Y de aquellos barros, estos lodos. De esa ingeniería política y financiera emergió Leopoldo López, Freddy Guevara, Juan Guaidó, entre otras figuras que han colocado al país al borde de una intervención estadounidense y de una guerra civil.
¿Qué hizo AD? Fácil. Adaptarse. El partido que institucionalizó como una cultura política el clientelismo, el “guiso” y la “macoya” (palabra criolla para describir el arte de transar en política), no tenía ningún problema en tomar la mano de la generación de relevo, en la búsqueda de tocar nuevamente posiciones de poder después del golpe. Nunca han tenido problemas con participar en agendas oscuras si ello los beneficia.
Por esa razón, Henry Ramos Allup pactó con Voluntad Popular su presidencia en la Asamblea Nacional en 2016, y empujó la agenda de golpe revestida de falso referendo revocatorio.
De ahí en adelante, AD ha titubeado entre apoyar el cambio de régimen, respaldar agendas de diálogo y participar en eventos electorales, como en las gobernaciones de 2017 cuando venció en cuatro de los 24 estados del país.
Pero Washington ha apretado las tuercas y este espacio para el titubeo se ha reducido totalmente, empujando a la tolda blanca al bando de los golpistas, muy posiblemente en medio de amenazas de coerción y chantaje, una situación que habla bastante mal de un partido que dice ser baluarte de la democracia en el país.
La crisis en AD, más allá de su propia disputa interna entre caciques de la organización, es una metáfora de cómo Washington ha destruido a los partidos tradicionales del país en su apuesta por el sector de extrema derecha criolla como sus intermediarios políticos.
Al restringir su participación en las elecciones, AD se ha desarraigado de los pocos principios que le quedaban y ha venido despareciendo del mapa político real del país. Bernabé Gutiérrez lo sabe.

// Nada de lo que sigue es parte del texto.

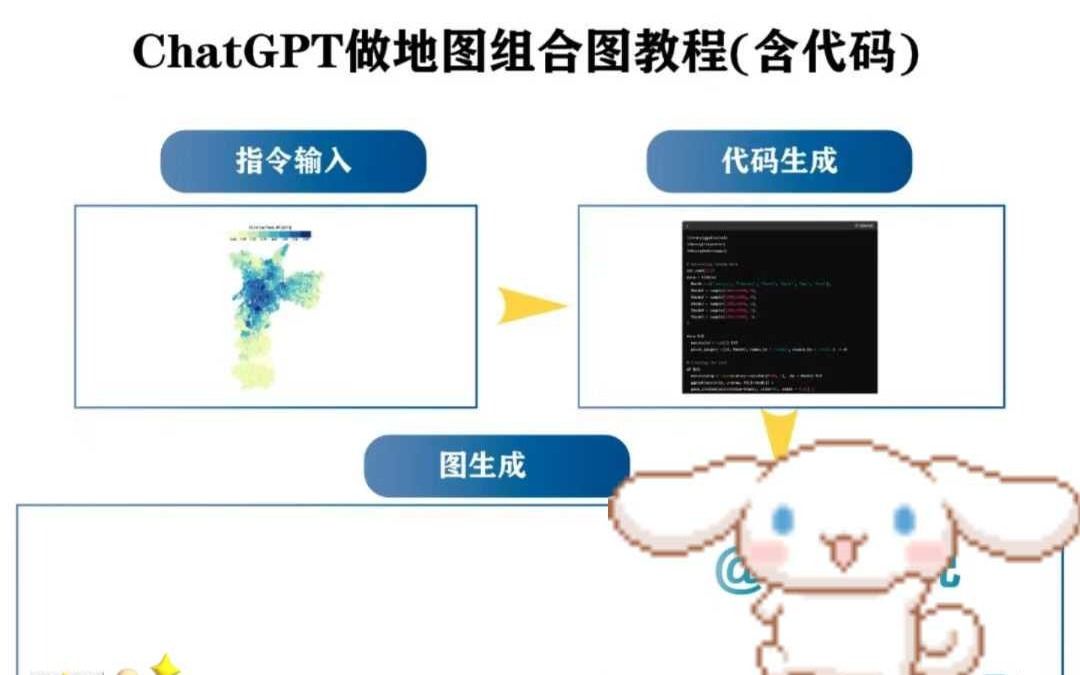 ChatGPT绘制地图组合图教程含代码!哔哩哔哩bilibili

Y esto es sumamente simbólico: EEUU ha desmantelado a una organización que, pese a las críticas justas frente a su comportamiento a lo largo de nuestro siglo XX, conservaba mínimamente el espíritu de negociación de nuestra inestable historia democrática. Al barrerlos del tablero, sólo quedan “políticos” fabricados en una probeta en el Pentágono.

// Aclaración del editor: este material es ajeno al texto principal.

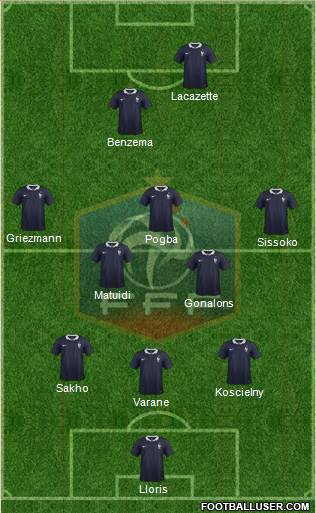 France Formation 2015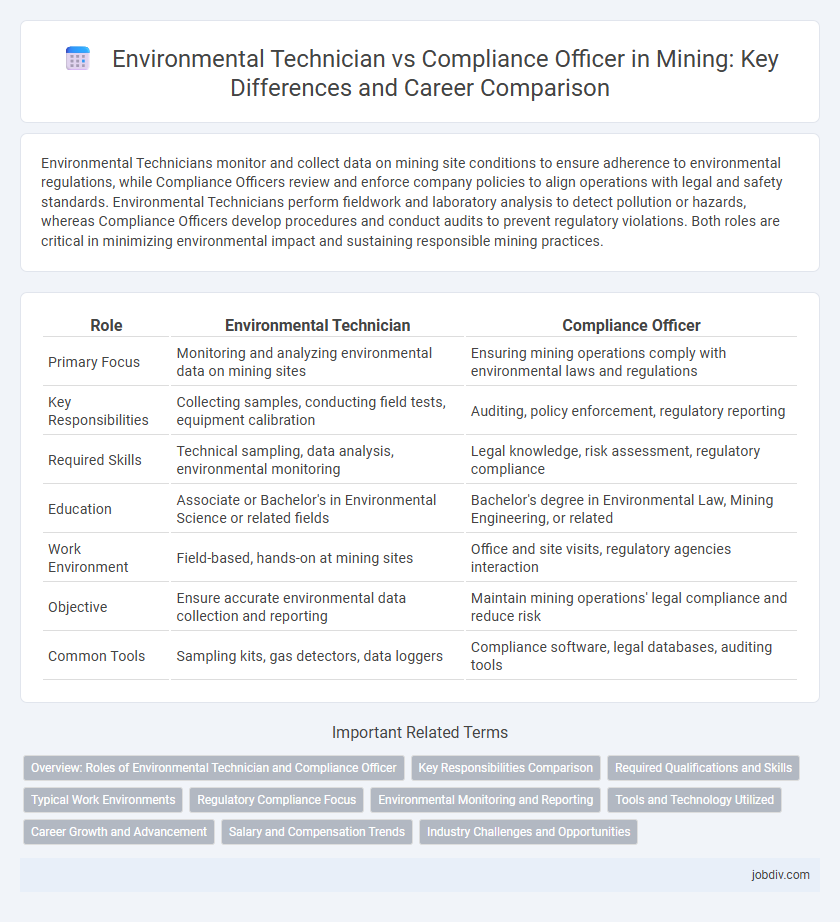 Environmental Technician vs Compliance Officer in Mining: Key Differences and Career Comparison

Washington ha aniquilado a un partido de estado, aunque solo lo sea en el imaginario nacional.
Pero lo que ocurre en AD es solo la punta del iceberg. El repliegue forzado por Estados Unidos ha atrofiado nuestro sistema político a totalidad, generando las condiciones de desgaste e incertidumbre que anteceden a los golpes de estado.
Muchos dirigentes históricos adecos como Luis Beltrán Prieto Figueroa o Leonardo Ruiz Pineda deben estar viendo la situación actual con desparpajo e indignación desde el más allá.